Our Sunday Census poll this week looks to see where the Flames are expected, with options being split into ranking groups of two, from first and second, third and fourth, fifth and sixth, and finally seventh and eighth.
This becomes makes for a fun look at the poll, as it becomes a thought exercise of how likely the Flames are to win the Pacific but still be behind the Colorado Avalanche? Or would the Oilers take the top Pacific spot and instead have the Flames drop to third, or even fourth behind another Central team?
Or even worse, what if the Flames take far too many games to find their footing and end up with a slow start that dooms to be a lower-seeded team or even a bubble team? The paths that the Flames may go on are definitely vast, and only time will tell what might happen.
The best of the West
The most popular option has the Flames being one of the top teams in the Western Conference. Half of the votes went towards a top-two finish in the West. This would have Calgary lineup with the Avalanche as the most realistic combination.
After all, if the Flames are going to be Stanley Cup contenders, they should be right up there with the defending Stanley Cup champions.
The Flames built their identity last year as being one of the toughest teams to play against in terms of seeing all opponent offence suppressed. Playing with Darryl Sutter as head coach puts a strong emphasis on checking and puck possession, and that should not change no matter who’s on the roster. Nevertheless, let’s see what the newest Flames faces bring to the table.

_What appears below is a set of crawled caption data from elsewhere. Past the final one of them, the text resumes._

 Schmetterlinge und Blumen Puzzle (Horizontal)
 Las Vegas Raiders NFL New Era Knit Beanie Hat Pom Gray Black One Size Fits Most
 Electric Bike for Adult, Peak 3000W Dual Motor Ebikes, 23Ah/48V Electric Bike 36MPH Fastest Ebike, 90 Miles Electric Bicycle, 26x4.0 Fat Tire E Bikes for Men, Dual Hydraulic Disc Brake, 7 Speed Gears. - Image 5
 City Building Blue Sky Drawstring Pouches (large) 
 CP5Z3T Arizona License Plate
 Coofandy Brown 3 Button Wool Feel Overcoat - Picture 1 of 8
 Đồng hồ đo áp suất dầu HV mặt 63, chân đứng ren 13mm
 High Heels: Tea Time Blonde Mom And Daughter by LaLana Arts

While Jonathan Huberdeau historically has a weaker defensive side to him, he was not heavily relied on with major two-way responsibilities. This could all change this season as no one on the Flames roster will have a free pass to be offensive dynamos with no defensive tasks. Just like how Johnny Gaudreau elevated his backchecking with Sutter, so too may Huberdeau.
Then there’s Nazem Kadri who’s already a great two-way centre, and whose addition makes the Flames’ centre depth among tops in the league. If you want deja vu, read this: There’s also MacKenzie Weegar, who’s already a top-end defensive defenceman, whose addition makes the Flames defence corps among tops in the league.

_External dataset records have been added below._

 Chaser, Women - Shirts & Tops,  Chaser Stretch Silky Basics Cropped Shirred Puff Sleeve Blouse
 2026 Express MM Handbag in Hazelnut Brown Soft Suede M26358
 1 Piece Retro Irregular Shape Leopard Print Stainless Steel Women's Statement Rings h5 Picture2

Repetition aside, the Flames are objectively going to be a nasty team to play against, and this is exactly what Sutter wants to see out of his team. This level of skill and emphasis on checking can really put the Flames at the top of the conference—at least on paper. So really, it’ll be up for to the players to turn theory into reality.
In the top half
The Flames are a great team on paper. If a vote didn’t have the Flames coming in first or second, chances were it was for them to finish third or fourth.
One of the best defence corps in the league is complemented with a very new-look group of forwards. The Flames took their offseason losses in stride and turned themselves into a team that looks ready to rebound. Through the eyes of many, Calgary might be better than ever before.
But as mentioned above, there are risks involved with being way too bullish on a team that hasn’t melded as a cohesive roster yet. The chemistry might not be there yet and time must definitely be given to the group before their true talent level can be revealed.
That’s a plausible outcome which can have the Flames slightly stumble in the standings. Many teams start out slow but are still contenders. Just last season alone the Tampa Bay Lightning finished third in their own division after a slower start. That said, the stacked Atlantic Division has many top dogs and potential contenders.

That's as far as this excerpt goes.